- Directed by: Suri Krishnamma
- Written by: Ralph Brown
- Produced by: Simon Channing-Williams Stephen Cleary
- Starring: Marianne Jean-Baptiste Anastasia Hille Andrew Lee Potts Jacqueline Bisset
- Cinematography: John de Borman
- Edited by: Adam Ross
- Music by: Julian Nott
- Release date: 27 June 2001;
- Country: United Kingdom
- Language: English

= New Year's Day (2001 film) =

2001 film by Suri Krishnamma

New Year's Day is a 2001 comedy-drama film starring Andrew Lee Potts, Bobby Barry, Jacqueline Bisset, Anastasia Hille, Michael Kitchen, Sue Johnston, Ralph Brown and Marianne Jean-Baptiste. It was written by Ralph Brown and directed by Suri Krishnamma.

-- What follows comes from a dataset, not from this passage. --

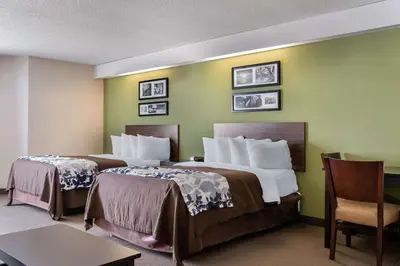 two beds in a hotel room with green walls at Sleep Inn Carlisle South in Carlisle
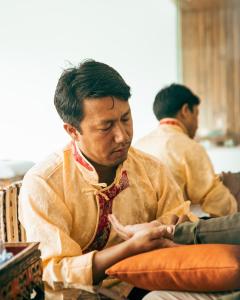 a man wearing a shirt and tie sitting on a pillow at Shinta Mani Mustang in Jomsom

The film follows two teenagers, Jake (Potts) and Steve (Barry) as they cope with life after being the sole survivors of an avalanche. Their teacher also survives the accident, but remains comatose and dies soon after the start of the film. The two boys make a suicide pact agreeing that on the first anniversary of the avalanche, they will kill themselves. The two spend their last year living life to the fullest. This takes the form of a list of "tasks", which they both must fulfill before dying.

The movie's screenplay is written by Brown, and deals with themes such as the generation gap, the conflicts that surround today's youngsters, suicide, crossing boundaries and how people are affected by tragedy. Brown has spoken of New Year's Day being prompted by the murder of James Bulger, in the sense of a storyline concerning two young people who are surrounded by grown-ups who have no idea about what they are doing.

New Year's Day won best film at the Raindance Film Festival 2001, and best film at the Sapporo Film Festival 2001. In February 2001, it also took the Grand Prize in the 12th Yubari International Fantastic Film Festival which was attended by director Suri Krishnamma.

The film contains a cover of the Tim Hardin song "Reason to Believe" by Paul Weller, recorded specially for the movie.

The exams scenes were filmed using students from the Queens School in Bushey, Hertfordshire. The school is located next door the ex American University where some of the school scenes were shot.